In the records that follow, find the line containing "Fluxynara Felt Bulletin" and the line containing "Pink Ballet Shoes", then transcribe both and every line between them exactly, omitting pictures.

[Crawled caption data]
....................

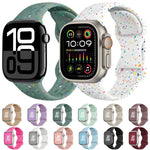 Hole Style Butterfly Buckle Camouflage Silicone Watch Band, For Apple Watch Series 10 46mm, For Apple Watch Series 10 42mm, For Apple Watch SE 2023 44mm, For Apple Watch SE 2023 40mm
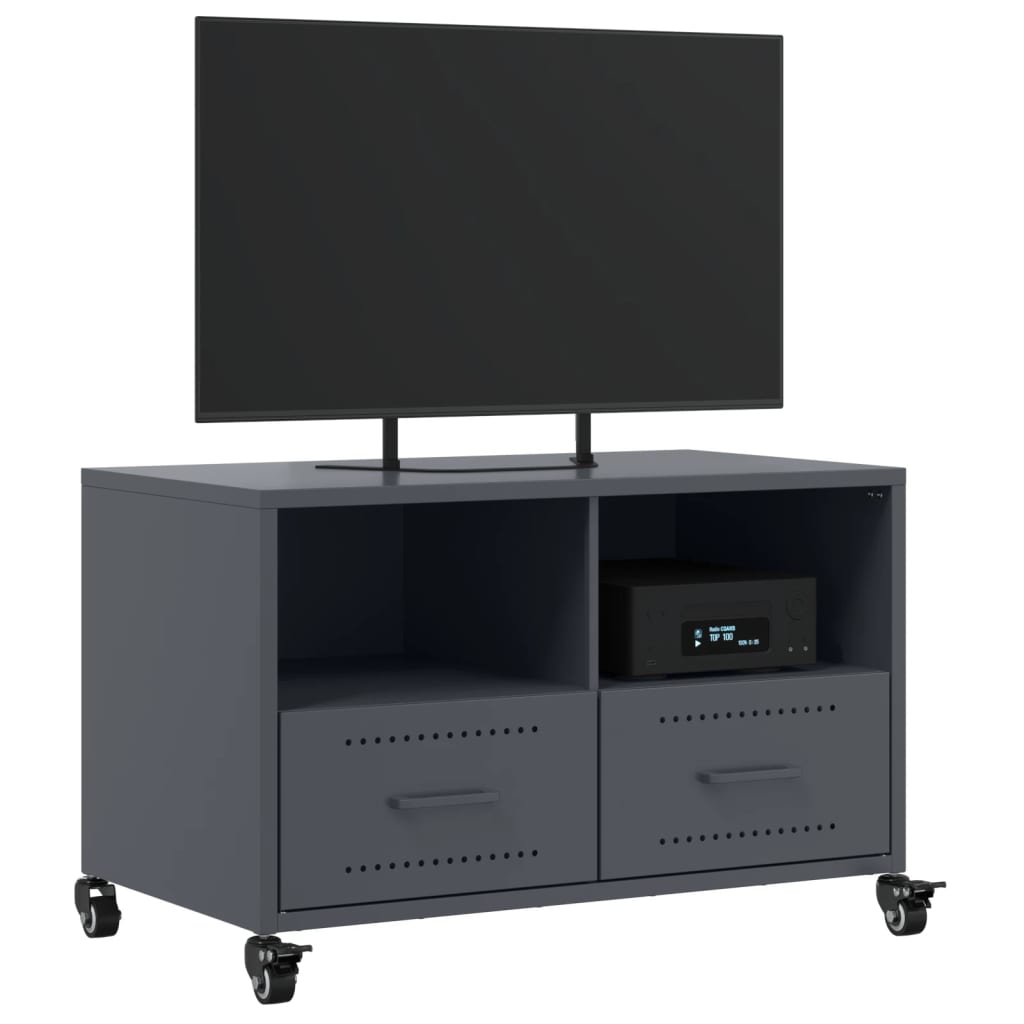 TV Cabinet Anthracite 68x39x43.5 cm Steel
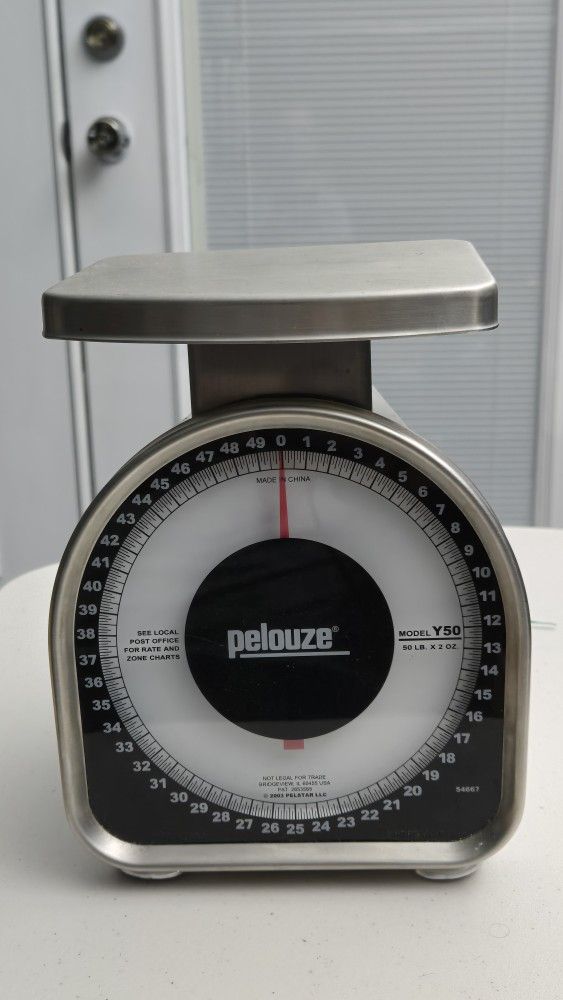 Precision  Pelouze Scale Up To 50 Lbs, Aluminum 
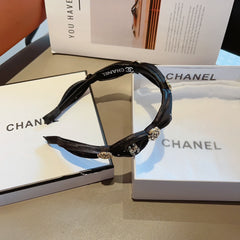 BLACK SILK HAIRBAND 410837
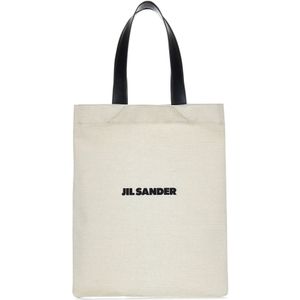 Jil Sander, Heren, Tassen, Beige, Maat: ONE Size Katoen,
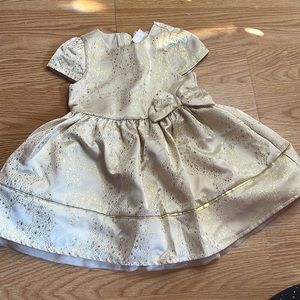 Mickey Mouse Gold Christmas Dress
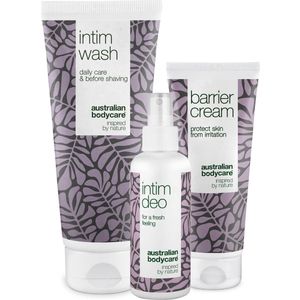 Australian Bodycare - Incontinentie Verzorgingspakket - Intieme Zeep 200 ml - Barrièrecrème 100 ml - Intieme Deodorant 100 ml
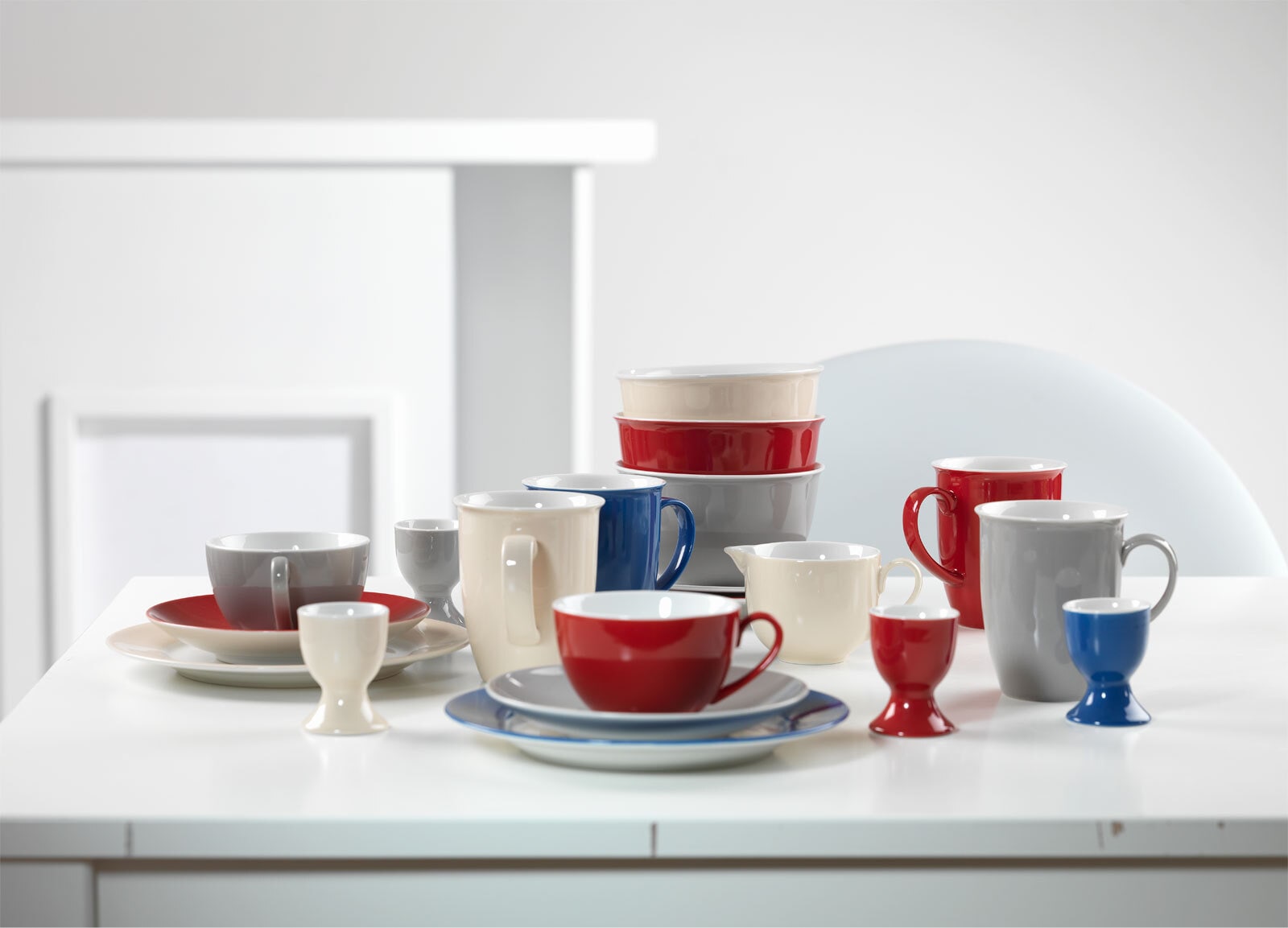 Ritzenhoff & Breker Dessertteller DOPPIO 6er Set rot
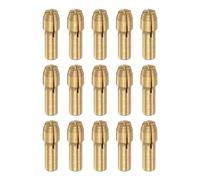 sourcing map 15pcs Brass Collet 0.8mm Brass Drill Chucks Mini Electric Grinder Quick Change Drill Chuck Bit Sets for Rotary Tools, 4.3mm Shank Diameter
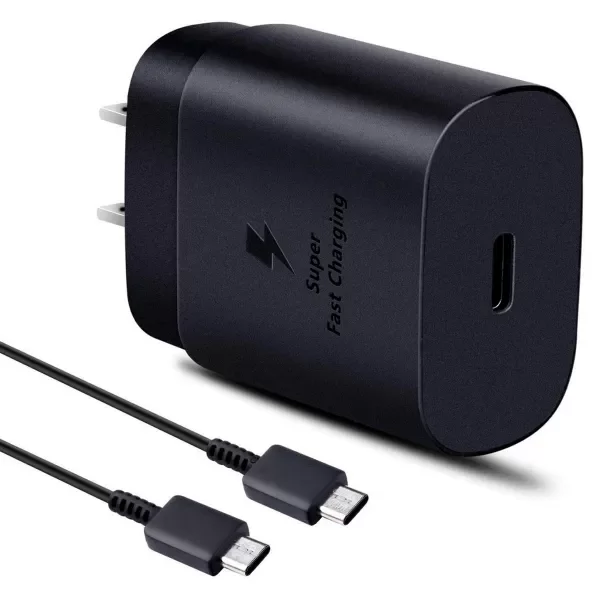 Producto - Cargador Samsung 25W Travel Adapter Con Cable USB-C Negro +AAA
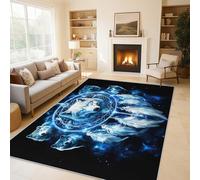 Fantasy Wolf Rugs for Living Room Bedroom, Dream Catcher Area Rugs Large 200x290 cm, Washable Non Slip Pattern Carpet Home Decor C&J55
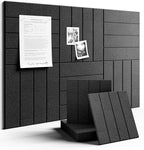 Fluxynara Felt Bulletin Board Tiles Large 36" x 24"Cork Board Alternative-6 Pack by FLUXYNARA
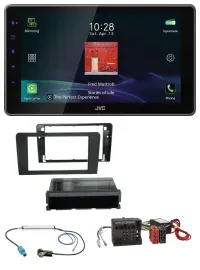 JVC DAB MP3 Bluetooth USB Autoradio für Audi A3 8P 06-12 Symphony Aktivsystem Qu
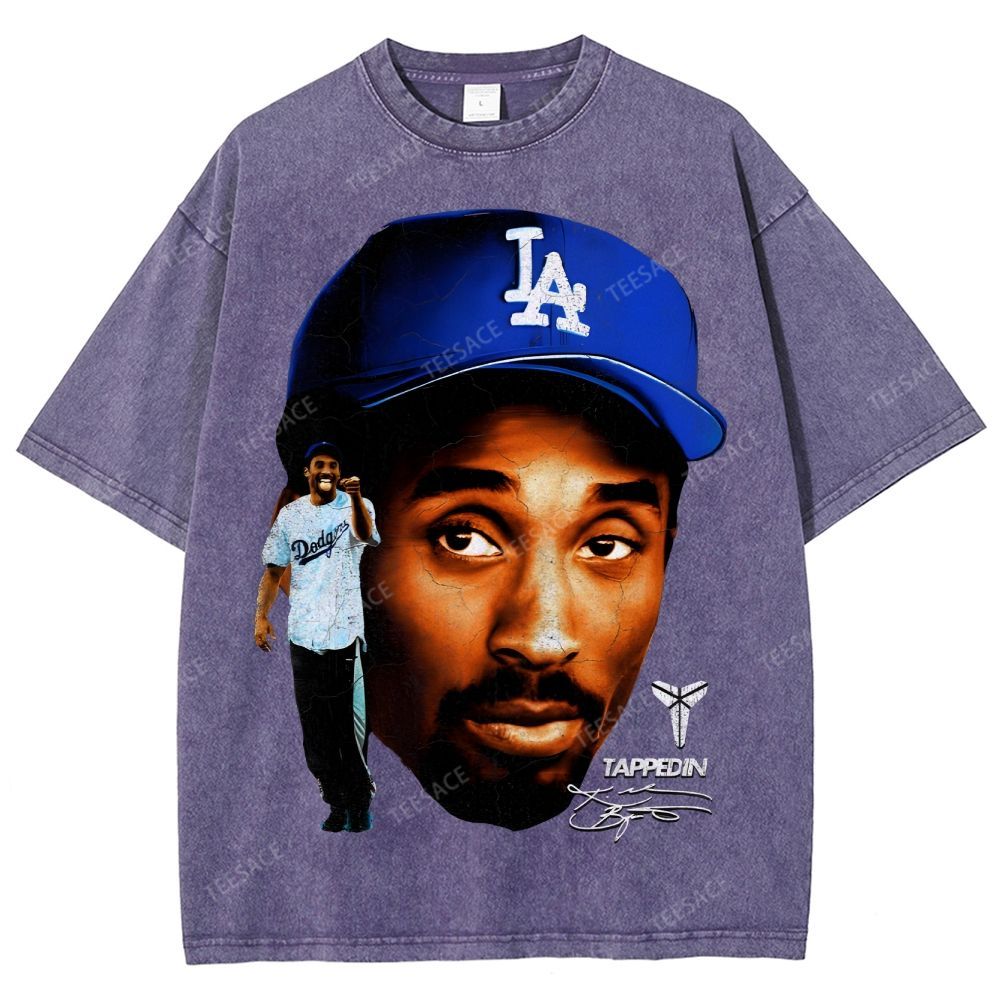 "Mamba on the Mound" Kobe Tee Unisex Fit Washed T-Shirt 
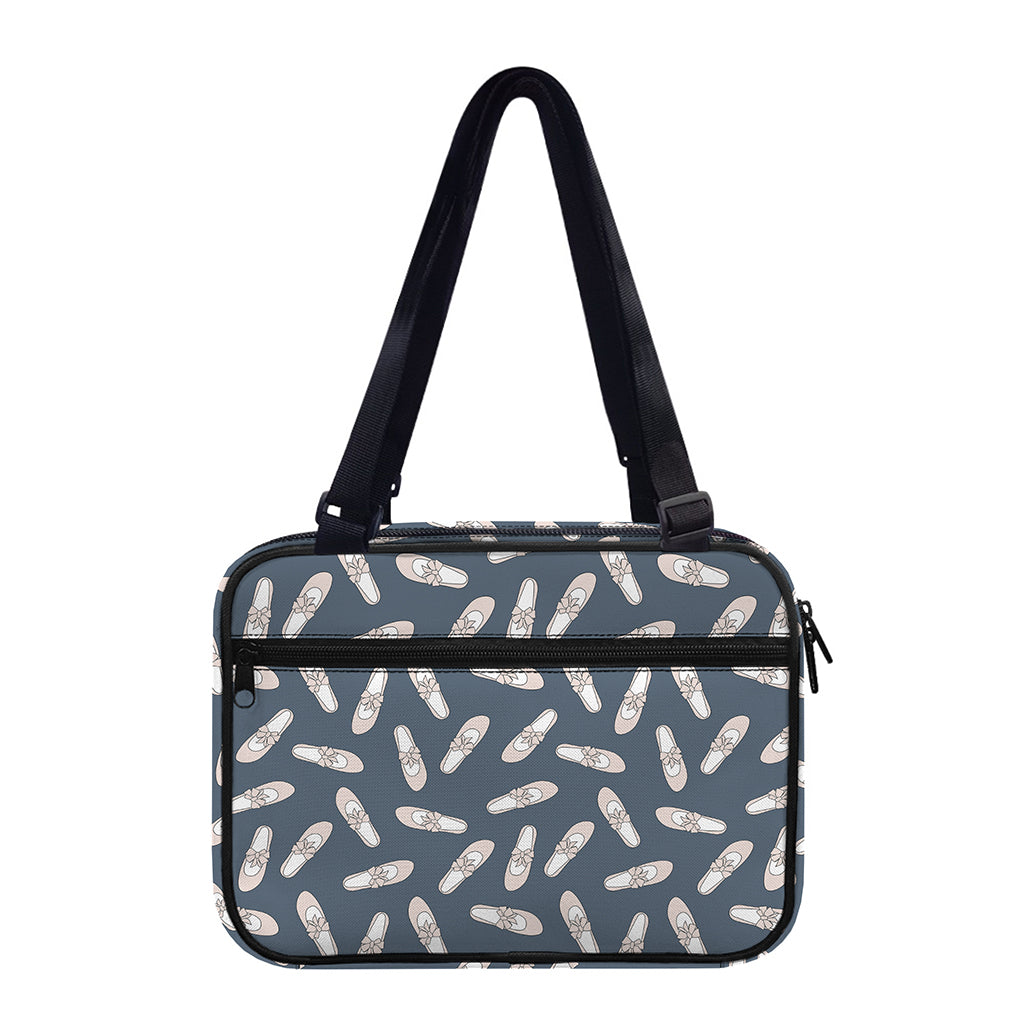 Pink Ballet Shoes Pattern Print Double Strap Bible Bag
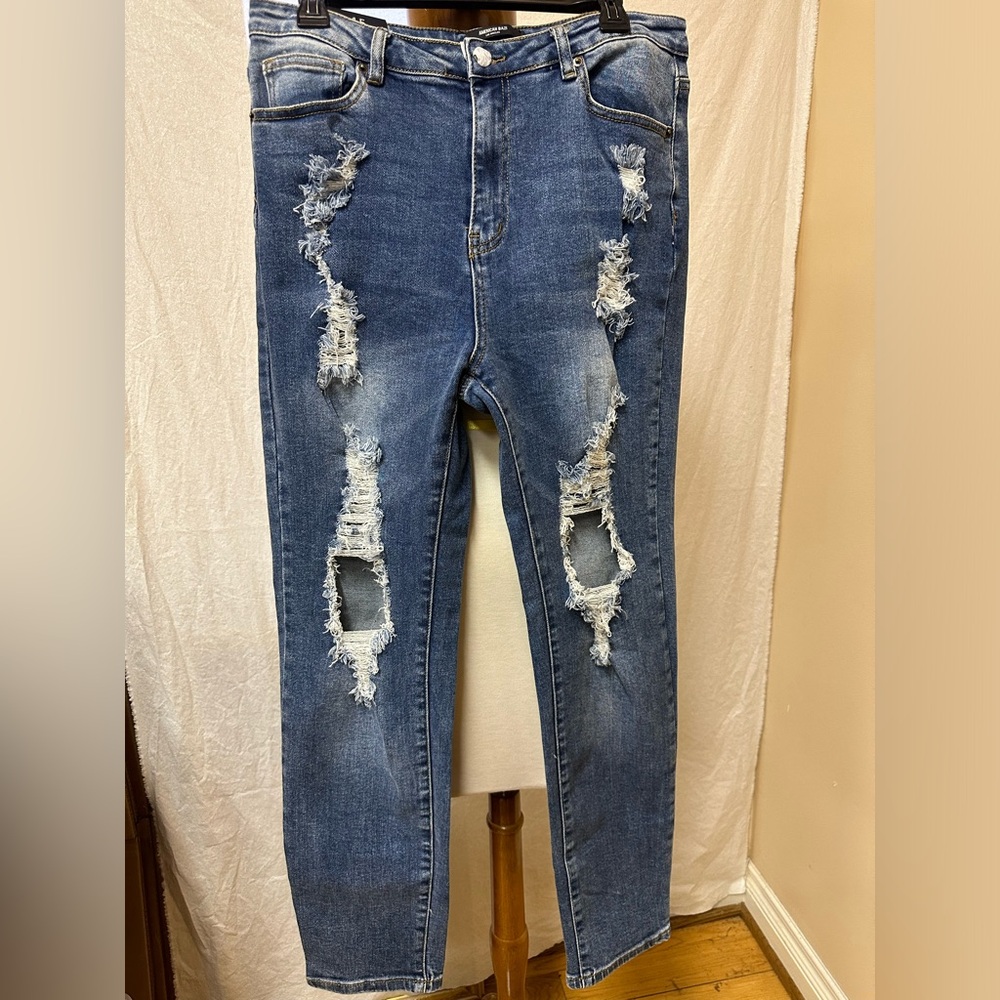 American Bazi High Rise Slim Fit jeans size 15 NWT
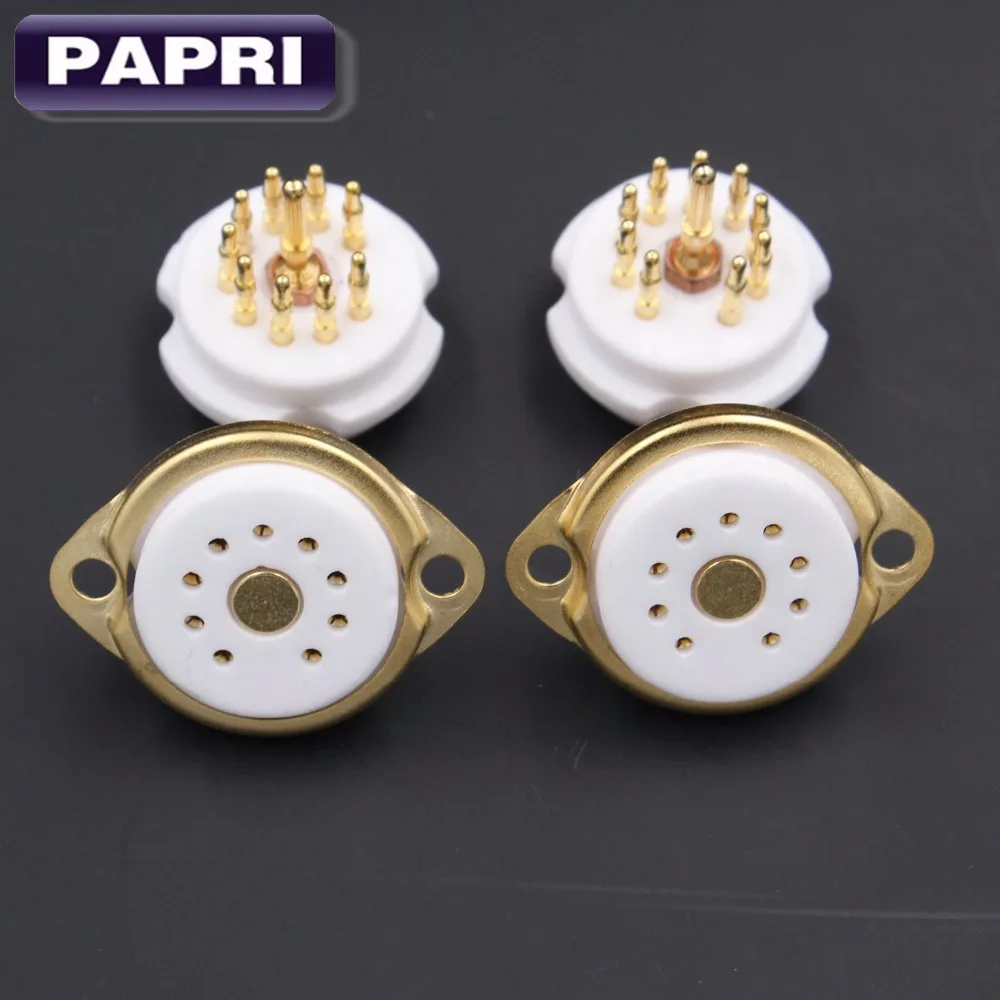 Высококачественные керамические 9 контактные трубчатые разъемы латунная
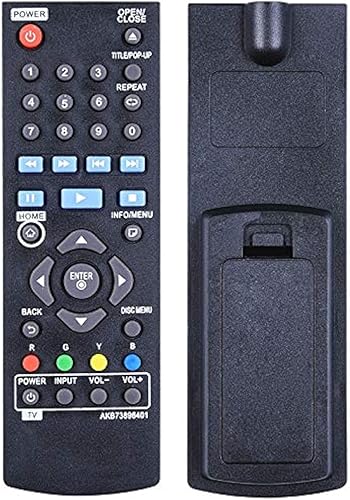 AKB73896401 - Control remoto de repuesto para LG BLU RAY DISC reproductor de DVD BP340 BP350 BPM25 BPM35 UP870 UP875 BP550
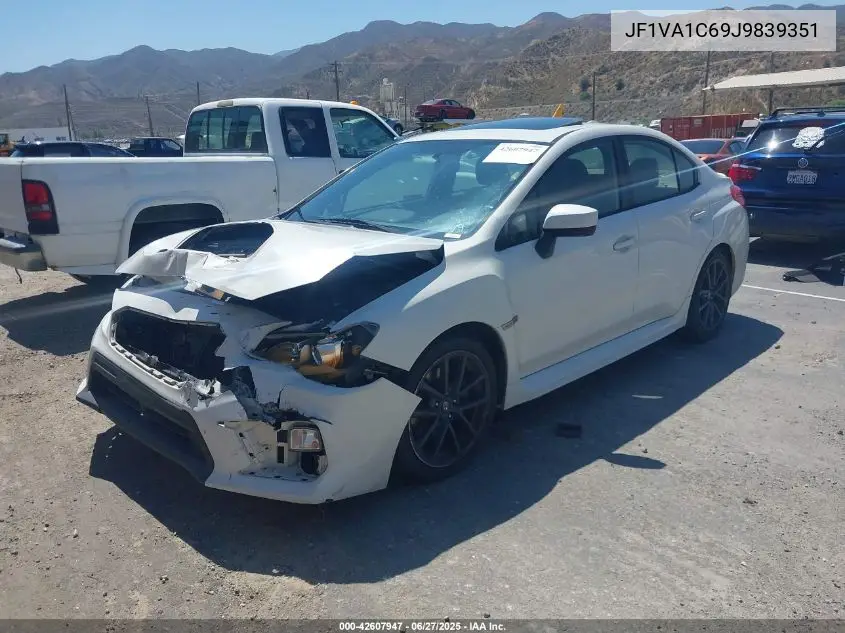 2018 Subaru Wrx Premium VIN: JF1VA1C69J9839351 Lot: 42607947
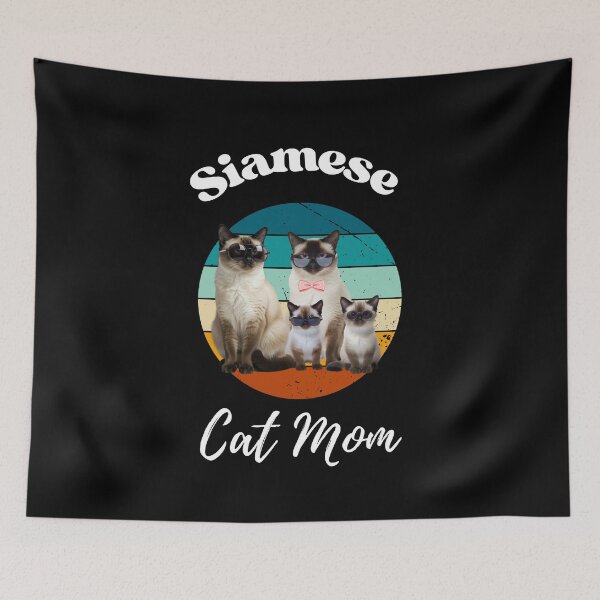 Item preview, Funny Siamese cat mom  designed and sold by Fateh-Kro ⭐⭐⭐⭐⭐.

....................

▶ _EXERCISE SOLUTION_:
 Fluxynara Felt Bulletin Board Tiles Large 36" x 24"Cork Board Alternative-6 Pack by FLUXYNARA
 JVC DAB MP3 Bluetooth USB Autoradio für Audi A3 8P 06-12 Symphony Aktivsystem Qu
 "Mamba on the Mound" Kobe Tee Unisex Fit Washed T-Shirt 
 Pink Ballet Shoes Pattern Print Double Strap Bible Bag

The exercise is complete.